Savory French Onion Pot Roast (Printable Version)

Slow-cooked chuck roast with caramelized onions, wine, thyme, and melted Gruyere for ultimate comfort food satisfaction.

# Needed Ingredients:

→ Beef

01 - 3 to 4 pounds chuck roast
02 - Salt and freshly ground black pepper to taste

→ Vegetables and Aromatics

03 - 3 large yellow onions, thinly sliced
04 - 4 cloves garlic, minced
05 - 2 cups sliced mushrooms, optional
06 - 2 tablespoons olive oil

→ Liquid and Seasoning

07 - 1 cup beef broth
08 - 1 cup dry red wine, or substitute with additional beef broth
09 - 2 tablespoons Worcestershire sauce
10 - 1 tablespoon soy sauce
11 - 1 tablespoon fresh thyme leaves, or 1 teaspoon dried thyme
12 - 1 tablespoon fresh rosemary, chopped, or 1 teaspoon dried rosemary

→ For Serving

13 - 6 slices Gruyere or Swiss cheese
14 - Fresh parsley, chopped, for garnish

# Preparation Steps:

01 - Season the chuck roast generously on all sides with salt and pepper.
02 - Heat olive oil in a large skillet over medium-high heat. Sear the roast on all sides until deeply browned, approximately 3 to 4 minutes per side.
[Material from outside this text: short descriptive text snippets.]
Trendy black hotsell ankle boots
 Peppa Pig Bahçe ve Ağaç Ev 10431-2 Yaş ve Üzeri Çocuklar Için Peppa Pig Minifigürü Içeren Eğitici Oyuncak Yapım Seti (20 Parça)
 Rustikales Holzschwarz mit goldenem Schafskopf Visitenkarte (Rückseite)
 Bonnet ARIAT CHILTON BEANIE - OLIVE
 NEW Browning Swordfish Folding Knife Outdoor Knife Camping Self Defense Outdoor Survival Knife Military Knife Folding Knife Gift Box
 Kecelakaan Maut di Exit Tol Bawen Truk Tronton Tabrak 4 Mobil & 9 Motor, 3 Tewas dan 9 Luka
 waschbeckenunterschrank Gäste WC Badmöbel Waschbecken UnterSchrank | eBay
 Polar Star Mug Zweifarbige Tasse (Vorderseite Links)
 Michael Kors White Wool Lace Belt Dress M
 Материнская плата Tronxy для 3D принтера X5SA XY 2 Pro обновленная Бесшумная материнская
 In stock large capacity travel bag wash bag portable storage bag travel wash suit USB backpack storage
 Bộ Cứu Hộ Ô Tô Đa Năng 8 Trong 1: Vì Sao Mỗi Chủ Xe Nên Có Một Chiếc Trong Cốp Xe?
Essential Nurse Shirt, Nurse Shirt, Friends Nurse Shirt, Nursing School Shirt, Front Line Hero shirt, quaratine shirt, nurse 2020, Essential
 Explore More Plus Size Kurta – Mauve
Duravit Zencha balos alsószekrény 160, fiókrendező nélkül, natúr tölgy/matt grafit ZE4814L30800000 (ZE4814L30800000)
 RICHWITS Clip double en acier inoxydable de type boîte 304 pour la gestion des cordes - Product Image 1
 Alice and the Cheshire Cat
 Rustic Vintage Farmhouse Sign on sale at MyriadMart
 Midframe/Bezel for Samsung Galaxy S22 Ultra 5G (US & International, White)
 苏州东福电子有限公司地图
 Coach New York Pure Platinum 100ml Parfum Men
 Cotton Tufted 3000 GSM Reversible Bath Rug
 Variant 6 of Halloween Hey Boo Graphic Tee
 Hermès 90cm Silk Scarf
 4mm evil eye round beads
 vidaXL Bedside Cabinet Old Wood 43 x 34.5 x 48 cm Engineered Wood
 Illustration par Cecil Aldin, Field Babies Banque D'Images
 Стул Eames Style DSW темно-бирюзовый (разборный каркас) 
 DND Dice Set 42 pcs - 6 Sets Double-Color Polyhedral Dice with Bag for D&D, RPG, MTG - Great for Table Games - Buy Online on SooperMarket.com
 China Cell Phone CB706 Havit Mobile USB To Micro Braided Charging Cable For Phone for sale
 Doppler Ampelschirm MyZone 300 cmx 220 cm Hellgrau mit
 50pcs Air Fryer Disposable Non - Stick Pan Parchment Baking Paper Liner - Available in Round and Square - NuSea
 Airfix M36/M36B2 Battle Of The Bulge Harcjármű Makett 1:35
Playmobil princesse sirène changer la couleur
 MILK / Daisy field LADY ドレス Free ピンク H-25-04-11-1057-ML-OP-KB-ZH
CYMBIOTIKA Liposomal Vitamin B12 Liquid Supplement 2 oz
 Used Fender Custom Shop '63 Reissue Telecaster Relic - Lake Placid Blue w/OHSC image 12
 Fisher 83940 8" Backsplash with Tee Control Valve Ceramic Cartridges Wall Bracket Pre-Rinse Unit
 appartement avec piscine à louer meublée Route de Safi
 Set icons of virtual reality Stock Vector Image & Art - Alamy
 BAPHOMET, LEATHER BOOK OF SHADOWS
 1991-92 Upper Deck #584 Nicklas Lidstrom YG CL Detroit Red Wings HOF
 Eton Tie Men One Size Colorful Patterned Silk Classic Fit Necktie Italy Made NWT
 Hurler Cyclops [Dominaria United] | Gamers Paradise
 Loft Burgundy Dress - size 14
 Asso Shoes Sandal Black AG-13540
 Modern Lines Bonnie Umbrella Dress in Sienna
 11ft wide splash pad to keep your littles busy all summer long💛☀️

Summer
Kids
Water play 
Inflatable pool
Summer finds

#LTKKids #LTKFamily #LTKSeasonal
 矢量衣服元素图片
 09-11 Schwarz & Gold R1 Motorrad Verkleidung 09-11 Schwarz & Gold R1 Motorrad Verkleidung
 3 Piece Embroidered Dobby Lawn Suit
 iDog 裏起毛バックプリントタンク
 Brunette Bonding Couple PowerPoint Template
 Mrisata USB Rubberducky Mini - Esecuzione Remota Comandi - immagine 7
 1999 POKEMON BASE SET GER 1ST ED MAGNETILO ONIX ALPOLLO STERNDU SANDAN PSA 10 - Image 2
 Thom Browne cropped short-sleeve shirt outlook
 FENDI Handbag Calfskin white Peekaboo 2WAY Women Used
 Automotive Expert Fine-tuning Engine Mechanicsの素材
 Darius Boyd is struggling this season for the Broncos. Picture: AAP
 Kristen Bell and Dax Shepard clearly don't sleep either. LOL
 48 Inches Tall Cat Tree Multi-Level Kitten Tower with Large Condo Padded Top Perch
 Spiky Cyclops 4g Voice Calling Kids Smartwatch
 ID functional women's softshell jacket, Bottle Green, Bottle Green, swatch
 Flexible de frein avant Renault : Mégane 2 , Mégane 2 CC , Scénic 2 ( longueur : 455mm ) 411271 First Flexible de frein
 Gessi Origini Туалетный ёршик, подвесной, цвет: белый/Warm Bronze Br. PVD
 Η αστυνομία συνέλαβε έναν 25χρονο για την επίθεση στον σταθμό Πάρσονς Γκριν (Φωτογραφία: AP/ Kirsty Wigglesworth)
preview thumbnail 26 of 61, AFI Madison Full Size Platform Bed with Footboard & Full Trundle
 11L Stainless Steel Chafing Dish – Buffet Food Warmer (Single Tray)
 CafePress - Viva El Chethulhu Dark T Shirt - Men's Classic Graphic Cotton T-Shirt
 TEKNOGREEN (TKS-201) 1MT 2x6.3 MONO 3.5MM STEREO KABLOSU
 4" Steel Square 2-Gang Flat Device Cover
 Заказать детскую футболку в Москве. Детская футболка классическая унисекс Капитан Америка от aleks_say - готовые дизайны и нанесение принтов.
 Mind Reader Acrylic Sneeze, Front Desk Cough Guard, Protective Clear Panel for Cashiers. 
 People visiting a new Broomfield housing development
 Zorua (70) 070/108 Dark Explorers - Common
Remove and set aside.
03 - In the same skillet, add onions and mushrooms if using. Sauté until onions are golden and beginning to caramelize, about 8 to 10 minutes. Add garlic and cook for 1 minute more.
04 - In a mixing bowl, whisk together beef broth, red wine or additional broth, Worcestershire sauce, soy sauce, thyme, and rosemary.
05 - Place the seared roast in the slow cooker. Top with the sautéed onions and mushrooms.
06 - Pour the broth mixture over the roast and onions.
07 - Cover and cook on LOW for 8 to 10 hours, until the roast is fork-tender.
08 - Remove the roast and let rest for 10 minutes. Slice or shred as desired.
09 - Place cheese slices over the meat in the slow cooker, cover, and let melt for about 5 minutes.
10 - Serve topped with onions, sauce, and melted cheese. Garnish with fresh parsley.

# Expert Advice:

01 -
  • The slow cooker does all the work while you go about your day, and you come home to a house that smells like a cozy French restaurant.
  • Searing the meat first creates a deep, rich flavor that makes this pot roast taste way more impressive than the effort required.
  • Leftovers taste even better the next day, tucked into toasted baguettes with extra melted cheese.
02 -
  • Searing the beef is non-negotiable if you want deep, complex flavor, so don't skip that step even if you're tempted to save time.
  • If your sauce seems too thin after cooking, mix 1 tablespoon cornstarch with 2 tablespoons cold water, stir it in, and cook on HIGH for 10 to 15 minutes until it thickens to your liking.
  • Let the roast rest before slicing or it will lose all those beautiful juices onto your cutting board instead of staying in the meat.
03 -
  • Use a 5 to 6 quart slow cooker to give the roast enough room to cook evenly without crowding the onions and mushrooms.
  • If you want extra caramelization on the onions, cook them a few minutes longer in the skillet until they're deeply golden before adding them to the crock pot.
  • Don't open the slow cooker lid during cooking unless absolutely necessary, every time you do, you add 15 to 20 minutes to the cook time.